Direkt zum Inhalt

News: Schlauer als die Evolution erlaubt?

Es erinnert an das berühmten Problem von der Henne und dem Ei: Was war zuerst da? Das Antibiotikum oder die Resistenz?
Die Entdeckung des ersten Antibiotikums Penicillin vor rund 60 Jahren war zweifellos ein Segen für die Menschheit, doch der einstige Stern verblasst. Schuld daran sind resistente Bakterienstämme, bei denen viele der einstigen Wunderwaffen keine Wirkung mehr zeigen. Neue Erkenntnisse bringen gängige Theorien zur Entstehung und Verbreitung von Resistenzen durcheinander.

Als Wissenschaftler schon kurz nach Einführung der Antibiotika bereits erste Resistenzen beobachteten, fürchteten sie zunächst das Schlimmste: Sie dachten, sie selbst seien dafür verantwortlich, dass Bakterien gezielt Abwehrmechanismen gegen den Einsatz ihrer Antibiotika entwickelten. Dieser Verdacht widerspricht jedoch evolutionstheoretisch Überlegungen und dem Prinzip der natürlichen Selektion.

Demzufolge müssten sich Resistenzen schon vor der Anwendung eines Antibiotikums – durch zufällige Mutationen – entwickelt haben.
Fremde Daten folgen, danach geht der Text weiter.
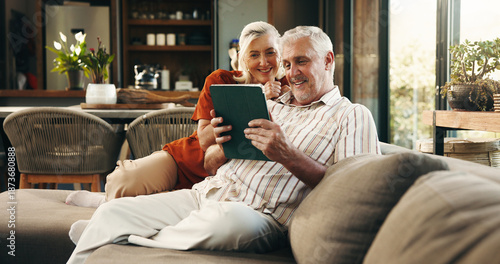 Photos Happy, tablet and senior couple on sofa for subscription, connection and online website in home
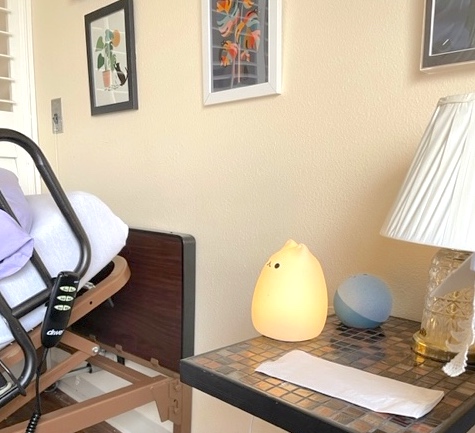 A freestanding, cat-shaped nightlight glowing from within sits on a tiled nightstand.
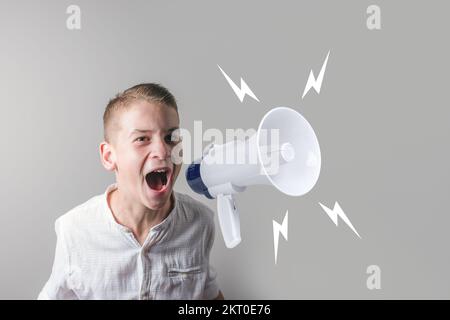 Süßer Teenager in einem weißen Hemd, der Megafon benutzt und auf grauem Hintergrund schreit. Stockfoto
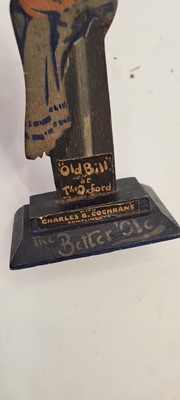 Lot 47 - A painted wood jigsaw cut upstand of ' Old Bill at Oxford'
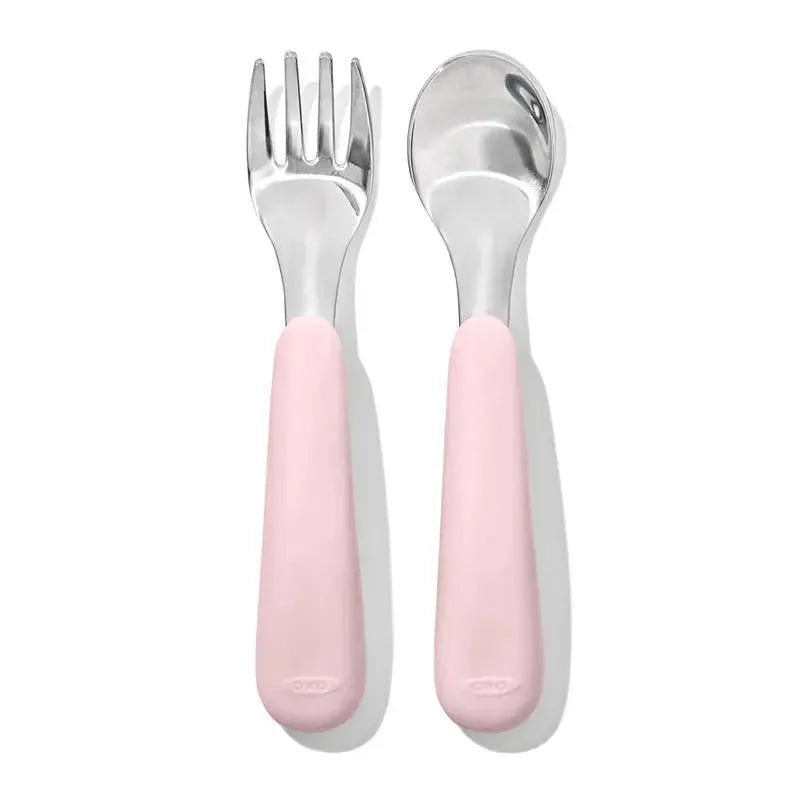 OXO Tot On-The-Go Fork and Spoon Set in Blossom, featuring stainless steel heads and soft pink handles.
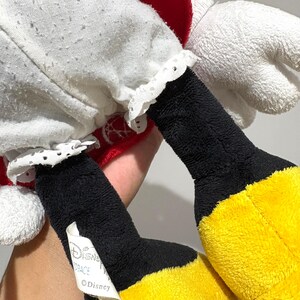 May include: Close-up of a plush Minnie Mouse doll. The doll features a white dress with a red polka-dot bow and matching red accents. The doll has black legs and yellow feet. A tag with the Disney logo is visible.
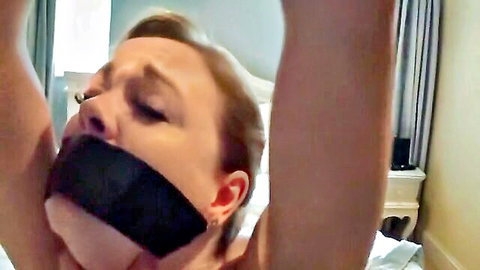 Blonde woman gagged in BDSM bondage, eyes closed in ecstasy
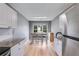 Eat-in kitchen with white cabinetry, stainless steel appliances, granite countertops, and ample seating at 4905 Martin Farms Dr, Powder Springs, GA 30127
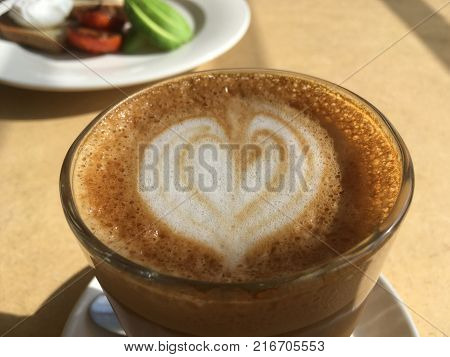 Latte coffee servied in a glass at a cafe with delicious food in the background.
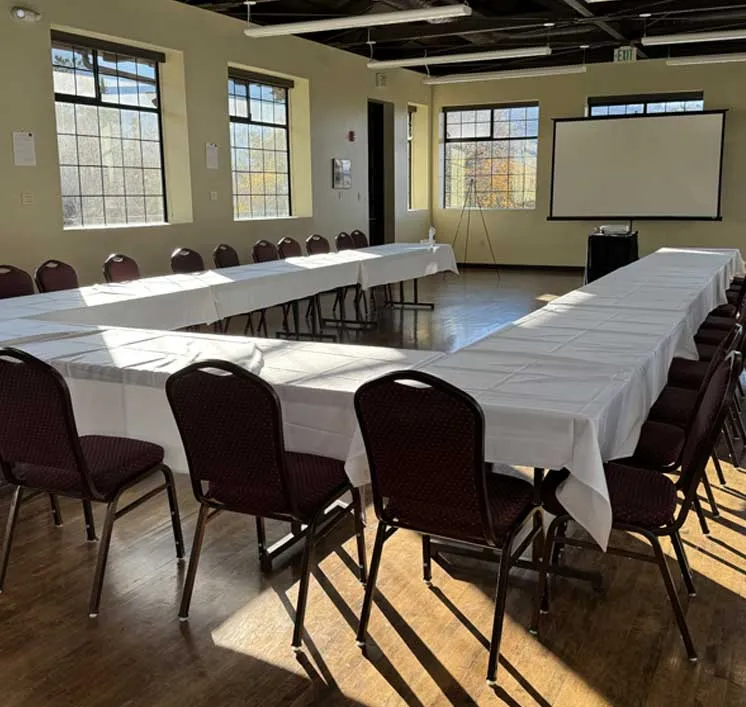 Sunlit meeting room with U-shaped white-clothed tables and chairs facing a projection screen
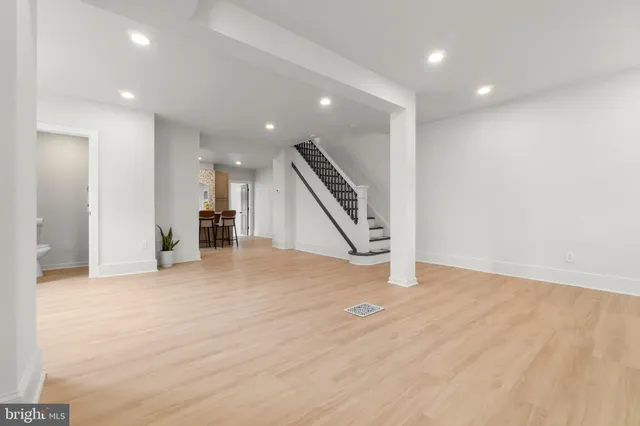 an empty room with wooden floor and entryway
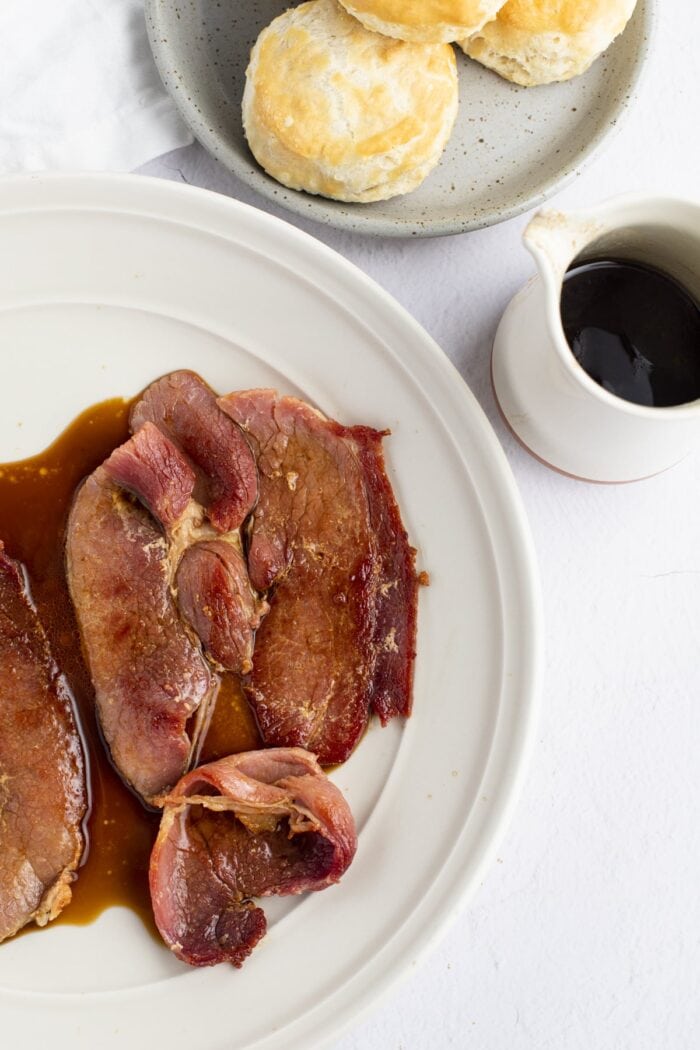 Overhead view of country ham on a white plate on the left side of the photo, with a jar of red eye gravy and a bowl of biscuits above and to the right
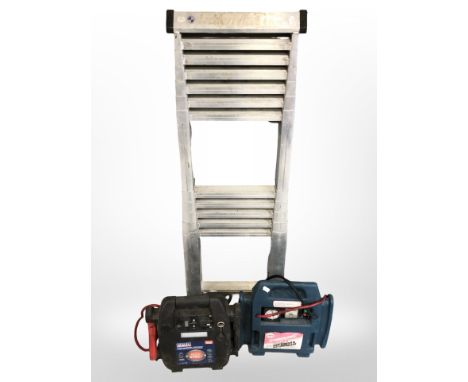A telescopic ladder, together with two battery jumpstarters.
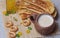 Fried pies, cheese, sunflower oil, milk and bagels on a plate cl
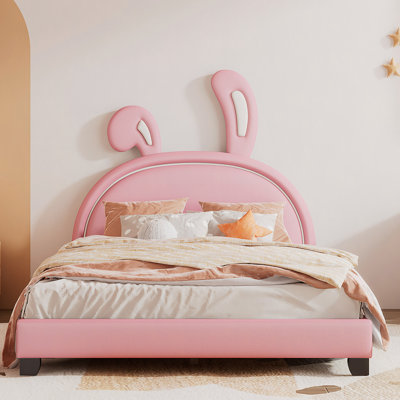 Lit plateforme tapissier en cuir avec ornement en forme de lapin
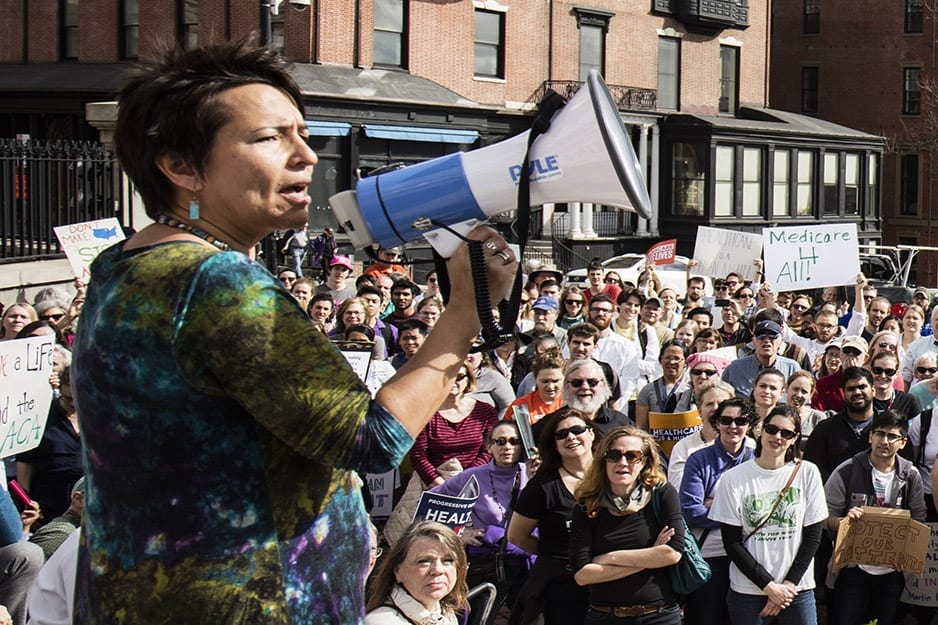 Dr. Joia Mukherjee stands in front of a crowd speaking into a megaphone
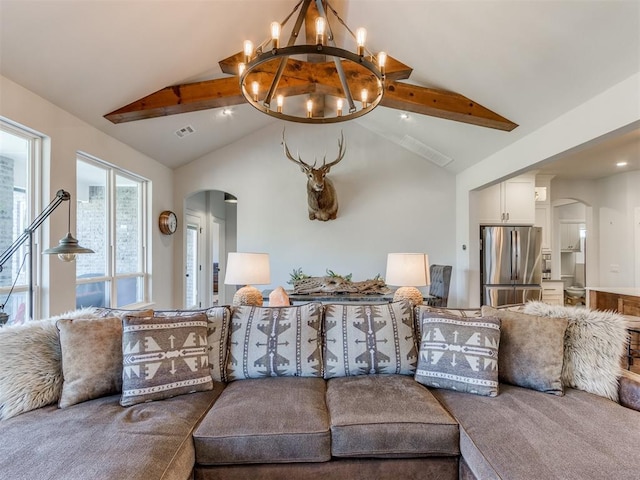 living room featuring vaulted ceiling with beams, visible vents, arched walkways, and a chandelier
Wird das entsprechende Mittel dann zum ersten Mal eingesetzt, verschafft es den davor gewappneten Bakterien allerdings einen entscheidenden Vorteil gegenüber ihren Artgenossen. Denn ein Antibiotikum selektioniert aus allen Bakterien die resistenten Keime, welche sich dann als als "Auserwählte" in ihrem durch das Medikament fast völlig entvölkerten Lebensraum optimal vermehren können.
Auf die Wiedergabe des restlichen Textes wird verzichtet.